Now plot the number of clusters (from 2 to 8) vs distortion.  Can you find a clear “elbow” here?  Set `opt_k` to the number of clusters you think represents the elbow.

In [None]:
# TODO: Use scaled frequencies rather than raw frequencies to evaluate the distortion.

## YOUR SOLUTION HERE

opt_k

In [None]:
# Sanity check
if opt_k <= 1 or opt_k > 8:
    raise ValueError('Bad optimal k')

### Step 4.2. Boolean present/absent

As an alternative, try replacing all elements of the matrix with 1 if they are nonzero (make sure to use Pandas functions, no loops). This corresponds to the Boolean case.  Make this a matrix `X_binary`.

Again, plot the number of clusters (from 2 to 8) vs distortion.  Find the “elbow” after which the change in distortion tapers off notably.  Set `opt_k` to this.


In [None]:
# TODO: Convert to Boolean values depending on whether there are 0s or non-0s.

## YOUR ANSWER HERE

opt_k

In [None]:
# Sanity check
if opt_k < 2 or opt_k >= 9:
    raise ValueError('Bad optimal k')

### Step 4.3. Log scaling

As yet another alternative, try adding 1 to all elements in the original matrix and then take the numpy log of all elements in the original matrix. This is the NLP-inspired version, since word frequencies are informative but follow a Zipfian distribution. Call this matrix `X_log`.

Again, plot the number of clusters (from 2 to 8) vs distortion.  Find the “elbow” after which the change in distortion tapers off notably.  Set `opt_k` to this.

In [None]:
# TODO: Use log frequencies rather than raw frequencies to evaluate the distortion.

##YOUR ANSWER HERE

opt_k

In [None]:
# Sanity check
if opt_k < 2 or opt_k >= 9:
    raise ValueError('Bad optimal k')

## Step 5 The Variance Ratio Criterion

We can also compute a different distortion metric called the Variance Ratio Criterion ($VRC$), given by

$$ VRC(k) = \frac{SS_B}{k-1} / \frac{SS_W}{N - k}$$

where $SS_B$ is the sum of squared distance between the cluster centers and the grand mean (calculated per data point), $k$ is the number of clusters, $SS_W$ is the sum of square distance between data points and their assigned cluster centers, and $N$ is the number of data points.

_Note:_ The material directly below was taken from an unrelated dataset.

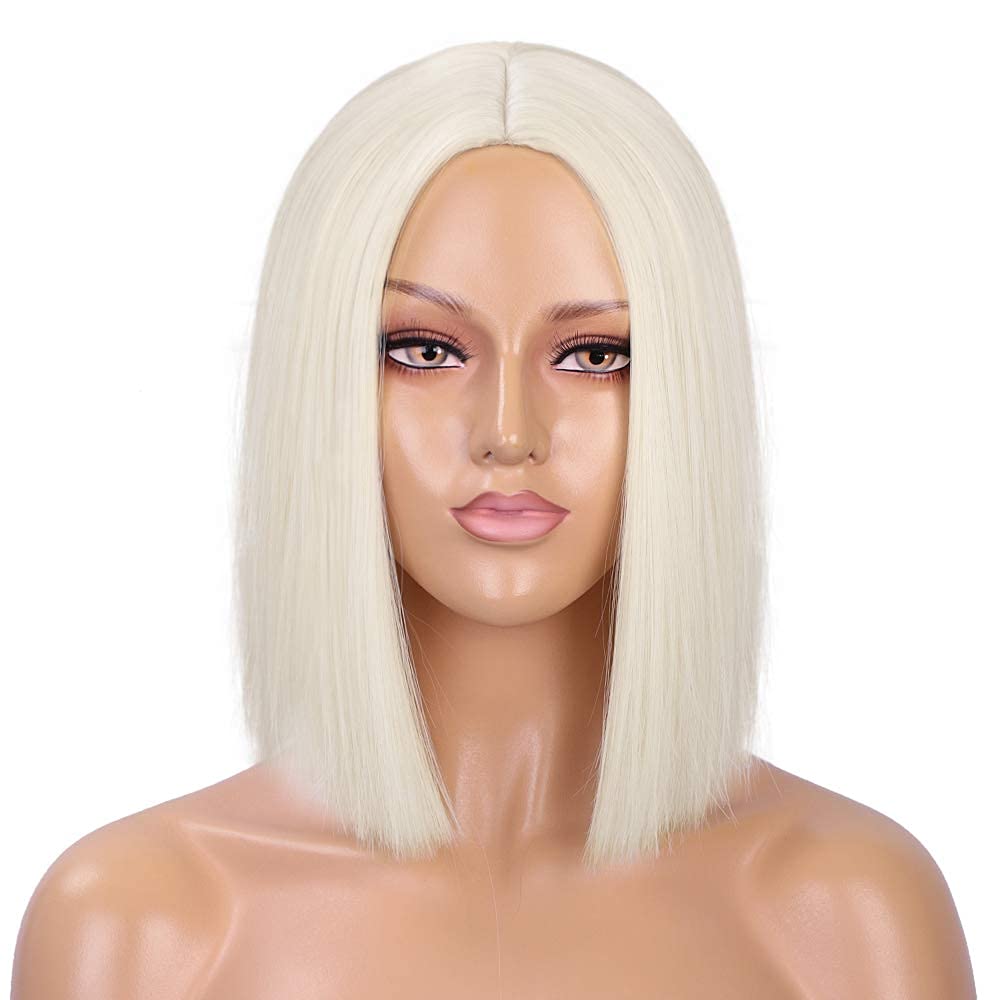 ENTRANCED STYLES Platinum Blonde Wig Straight Hair Short Bob Wigs for Women Middle Part Shoulder Length Synthetic Wig Cosplay Ha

### Step 5.1 The Grand Mean

As a quick check, compute the grand mean of the original dataset in the cell below. Store it in the variable `grand_mean` so we can test it. Do not use a loop.

In [None]:
# Compute the grand mean 

##YOUR ANSWER HERE

grand_mean

### Step 5.2 Implementing VRC

Write a function `test_vrc(data, max_num_cluster)` that computes the $VRC$ on clusterings of size 2 up to size `max_num_cluster`. Since we are passing in the data, compute a new grand mean within the function. However, since the grand mean does not depend on the clusters, you should not compute it within a loop. Note that $SS_W$ is the distortion metric that you used in Steps 1.3 and 1.4.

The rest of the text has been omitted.